Mais, au-delà, il faut surtout retenir que ce sont souvent d'heureuses circonstances qui fondent le pouvoir de la femme : un vide se crée qu'une dame de cour vient combler. « De manière générale, les femmes émergent tout spécialement lorsqu’un pouvoir masculin disparaît : parce qu’il n’y a pas de frère aîné, parce que le prince est parti en croisade, ou encore parce que celui-ci est mineur ». Anne de Beaujeu (1461-1522), fille aînée du roi de France Louis XI, exerce ainsi une régence au bénéfice de son frère Charles VIII, alors mineur. Blanche de Castille (1188-1252) sera portée au pouvoir lorsqu'elle sera confrontée à la minorité de son fils (Louis IX, futur Saint Louis), puis à son départ en croisade. Isabeau de Bavière (1371-1435) règnera, elle, dès lors que son époux, le roi de France Charles VI, sera frappé, de façon périodique, par des crises de folie incapacitantes. Il s'agit le plus souvent, selon la formule de Colette Beaune (Université Paris Ouest Nanterre La Défense), d'un pouvoir « au nom de », de la même manière que le roi gouverne au nom de Dieu et que le chevalier brandit l'épée au nom du seigneur. « On trouve, au fil de l'ouvrage, bon nombre de personnages féminins dont le pouvoir trouve à s'exercer par délégation de jure (de droit) ou de facto (de fait)», explique Alain Marchandisse.

Marguerite de Bavière, une « poigne » 
au secours du duc de Bourgogne

Lequel consacre pour le coup un chapitre, en guise de « prolégomènes à une biographie à paraître », à Marguerite de Bavière (1363-1424), « duchesse de Bourgoigne, contesse de Flandres, d'Artoys et de Bourgoigne palatine, dame de Salins et de Malines » (sic), épouse de Jean Sans Peur, duc de Bourgogne. Celui-ci, tenu de se déplacer en personne dans ses principautés, avait estimé devoir incarner son autorité, là où il n’était pas présent lui-même, soit dans la personne de son fils aîné, Philippe de Charolais, futur Philippe Le Bon, soit dans celle de son épouse, Marguerite de Bavière, «représentante permanente, dans les principautés méridionales, d'un duc de Bourgogne constamment occupé ailleurs et, à ce titre, (…) en mesure d'exercer l'ensemble de ses pouvoirs », écrit Alain Marchandisse. Au registre de ces délégations, Marguerite de Bavière occupe une place intermédiaire dans le processus de développement du pouvoir féminin, à mi-chemin entre sa belle-mère Marguerite de Male, épouse de Philippe le Hardi, et la fameuse Isabelle de Portugal, épouse de Philippe le Bon, « qui, à certains moments, incarne une gouvernance très proche de celle d'une princesse consorte ». Qualifiée d' « affreuse chouette » en raison de son physique réputé peu avantageux, Marguerite de Bavière, bien qu'entourée d'un cercle de conseillers, n'en prend pas moins, « de maîtresse manière » selon l'auteur, un certain nombre de dispositions administratives et militaires qui, posées tantôt officiellement, tantôt tacitement, ne seront pas sans conséquences politiques, quoique toujours en cohérence avec la démarche politique menée par le duc. Marguerite de Baviere« À l'instar d'Isabelle de Portugal, Marguerite aime à clore ses mandements par l'expression 'car tel est mon bon plaisir', cette clause de plaisir (...) par laquelle la duchesse entend montrer qu'elle détient un pouvoir de commandement et la maîtrise personnelle de la décision ».

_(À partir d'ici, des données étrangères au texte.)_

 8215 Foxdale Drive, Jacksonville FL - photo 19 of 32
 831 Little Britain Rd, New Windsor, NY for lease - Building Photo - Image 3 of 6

Ainsi, en 1410, lorsque, dans le Charolais, le duché de Bourgogne se voit forcé de défendre le comté face à ses ennemis, Marguerite ordonne qu'y soient envoyés au plus vite hommes et armes, tandis que, précise l'auteur, « tous les habitants de son bailliage gagnent les villes, châteaux et forteresses, avec leurs biens, (...) que les places-fortes soient armées, mises en défense, gardées, (...) que par ailleurs tous ceux qui seront affectés à la garde des villes et des forteresses prêtent un serment de fidélité à la cause ducale et que tous et chacun soient contraints à observer les injonctions de la duchesse » face à une situation qualifiée par cette dernière de « si grande et si perrilleuse qu'elle touche la vie, l'onneur, l'estat et la chevance [le bien, ndlr] de mondit seigneur et de sa lignye et la destruction perpetuelle de sesdiz païs et subgiez [sujets] ».